_PROBLEM STATEMENT_
Write out every record below exactly as it appears.

*** Block opens ***

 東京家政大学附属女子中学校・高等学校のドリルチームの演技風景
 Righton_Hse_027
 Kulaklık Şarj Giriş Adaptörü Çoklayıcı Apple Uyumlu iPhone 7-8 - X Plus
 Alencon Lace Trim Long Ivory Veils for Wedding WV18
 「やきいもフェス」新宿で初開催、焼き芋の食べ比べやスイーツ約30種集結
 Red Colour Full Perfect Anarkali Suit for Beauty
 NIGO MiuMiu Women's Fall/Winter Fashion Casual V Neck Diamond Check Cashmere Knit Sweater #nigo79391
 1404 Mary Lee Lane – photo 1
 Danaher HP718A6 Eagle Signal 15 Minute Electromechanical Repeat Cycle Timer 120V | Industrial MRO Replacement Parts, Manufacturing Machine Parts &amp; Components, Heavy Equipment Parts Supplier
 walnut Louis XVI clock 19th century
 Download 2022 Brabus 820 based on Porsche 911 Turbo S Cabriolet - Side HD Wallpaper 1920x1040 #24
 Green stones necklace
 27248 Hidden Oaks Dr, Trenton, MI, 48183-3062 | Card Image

*** Block closes ***

_EXPECTED ANSWER_
 東京家政大学附属女子中学校・高等学校のドリルチームの演技風景
 Righton_Hse_027
 Kulaklık Şarj Giriş Adaptörü Çoklayıcı Apple Uyumlu iPhone 7-8 - X Plus
 Alencon Lace Trim Long Ivory Veils for Wedding WV18
 「やきいもフェス」新宿で初開催、焼き芋の食べ比べやスイーツ約30種集結
 Red Colour Full Perfect Anarkali Suit for Beauty
 NIGO MiuMiu Women's Fall/Winter Fashion Casual V Neck Diamond Check Cashmere Knit Sweater #nigo79391
 1404 Mary Lee Lane – photo 1
 Danaher HP718A6 Eagle Signal 15 Minute Electromechanical Repeat Cycle Timer 120V | Industrial MRO Replacement Parts, Manufacturing Machine Parts &amp; Components, Heavy Equipment Parts Supplier
 walnut Louis XVI clock 19th century
 Download 2022 Brabus 820 based on Porsche 911 Turbo S Cabriolet - Side HD Wallpaper 1920x1040 #24
 Green stones necklace
 27248 Hidden Oaks Dr, Trenton, MI, 48183-3062 | Card Image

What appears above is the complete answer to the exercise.